Eliud Kipchoge today made history by finishing his INEOS159 challenge in under two hours. He cut the tape in 1:59:40.
The race started at 9:15am Kenyan time, Saturday morning in Vienna, Austria. Kipchoge skipped the 2019 World Athletics Championships and Berlin Marathon where he set the World record to train for today’s event.
This makes him the most successful long distance athlete of all time, making him the first man in the history of the sport to complete the 42km race in under two-hours.
He won the Olympic marathon in 2016 and is the current marathon world record holder with a time of 2:01:39 hours.
HISTORY! pic.twitter.com/qjLfofhL5s
— Eliud Kipchoge (@EliudKipchoge) October 12, 2019
BERLIN MARATHON
Kipchoge’s world record run at the 2018 Berlin Marathon broke the previous world record by 1 minute and 18 seconds.
Kipchoge won his first individual world championship title in 2003 by winning the junior race at the IAAF World Cross Country Championships and setting a world junior record over 5000 m on the track.
At the age of eighteen, he became the senior 5000 m world champion at the 2003 World Championships in Athletics with a championships record, then followed with an Olympic bronze for Kenya in 2004 and a bronze at the 2006 IAAF World Indoor Championships.
A five-time World Championship 5000m finalist, Kipchoge took silver medals at the 2007 World Championships, 2008 Summer Olympics and 2010 Commonwealth Games.
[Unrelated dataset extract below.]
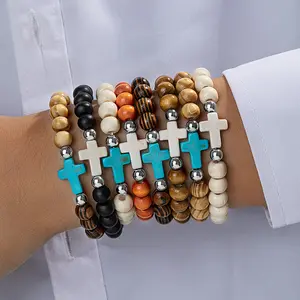 8pcs Unisex Bohemian Wooden Bead Cross Bracelet Set, Colorful Patterned, Multi-Layer Stackable Fashion Costume Jewelry Bracelets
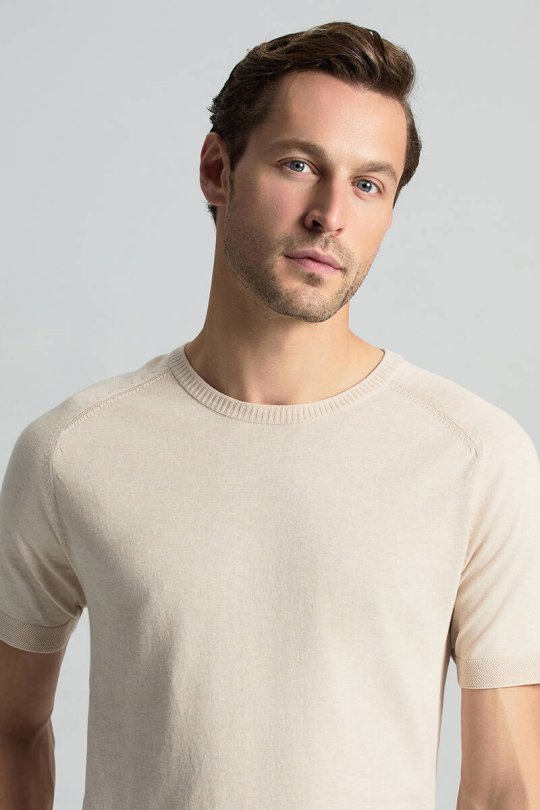 Bisiklet Yaka Krem Rengi Giza Pamuk Triko T-Shirt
He switched to road running in 2012 and made the second-fastest ever half marathon debut with 59:25 minutes. On his marathon debut he won the 2013 Hamburg Marathon in a course record time.
His first victory at a World Marathon Major came at the Chicago Marathon in 2014, and he went on to become series champion for 2016, 2017, and 2018. He won the London Marathon a record 4 times.
Described as the greatest marathoner of the modern era”,Kipchoge has won 12 of the 13 marathons he has entered, his only loss being a second place behind Wilson Kipsang Kiprotich at the 2013 Berlin Marathon, where Kipsang broke the world record.